I don't know how things are in Montreal but here in the GTA, we let go of a couple of people in Q4 of last year and they were rehired within a couple of months. They were embedded developers, working with C++ and Java/Android. One went into a full stack web development role. On one hand it could be a matter of skill set. .NET isn't exactly the most popular platform at the moment. On the other, "tech" really did feel quite bubbly over the last decade. Whenever a huge chunk of students decide to go to this one field (used to be business administration/management) you know job prospects will get tough eventually. Employers become more picky towards exact skill set, degree, experience, etc.
You mention small companies, have you tried large ones? The Big Five for example take a lot of developers.
Perhaps your resume is a bit thin. If for example it's got a degree and one section of .NET in it.
In any case, the standard fields of web/full-stack, Android, iOS, DevOps should have the most openings.

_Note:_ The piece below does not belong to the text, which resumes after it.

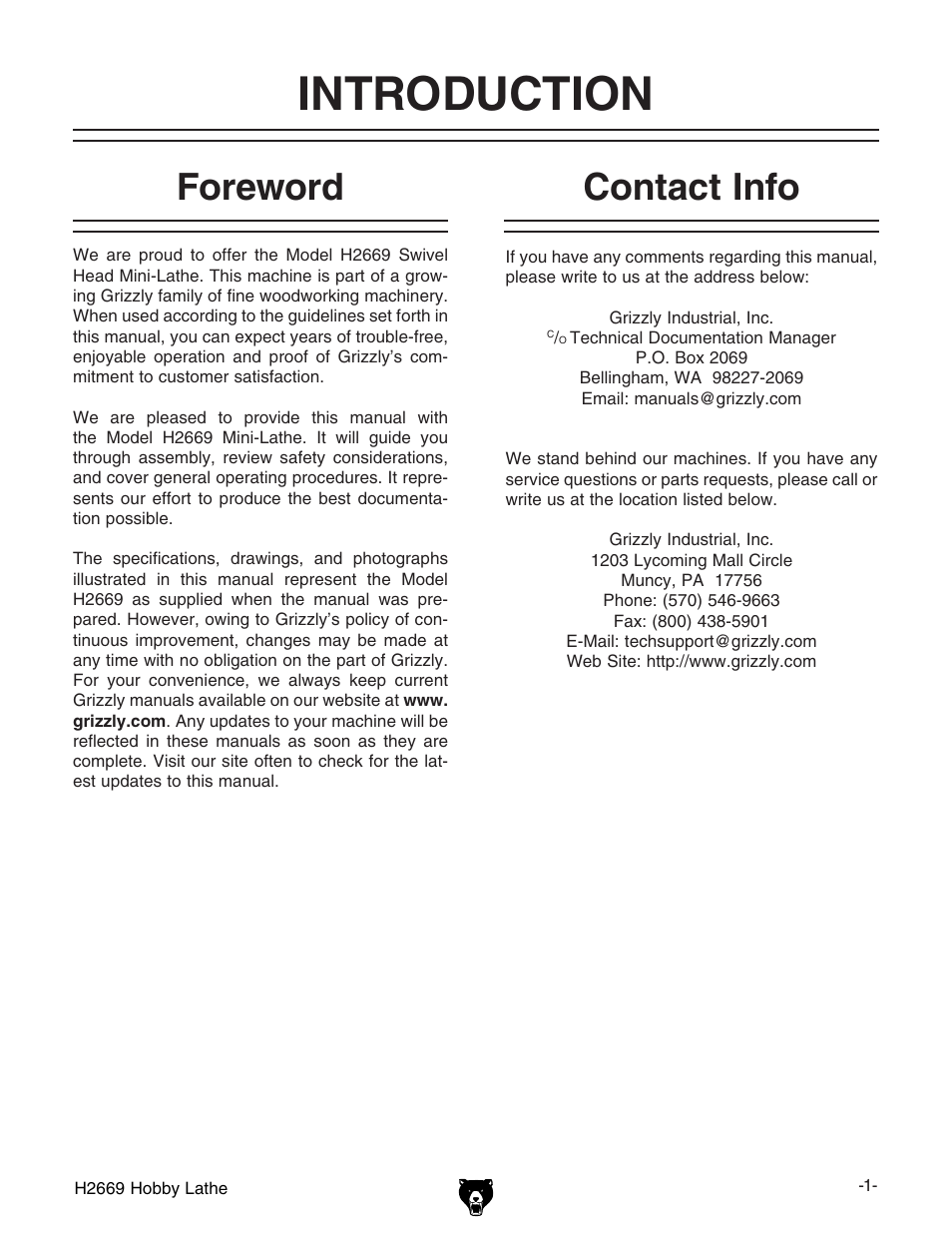 Introduction, Foreword, Contact info | Grizzly H2669 User Manual | Page 3 / 28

Speaking of your title question, whether software development is no longer a viable career in Canada? Almost certainly not. There's little reason for that to be the case. We're still significantly cheaper for US corpos so if anything, I'd expect those to lose US workers and hire Canadians. I expect the Canadian tech labor market to be affected by global events. Overall expansion/contraction. Displacement from AI in the future. Personally I hope the field can get organized in order to make such labor shocks less sharp and less frequent and have some say in how AI is deployed in the industry.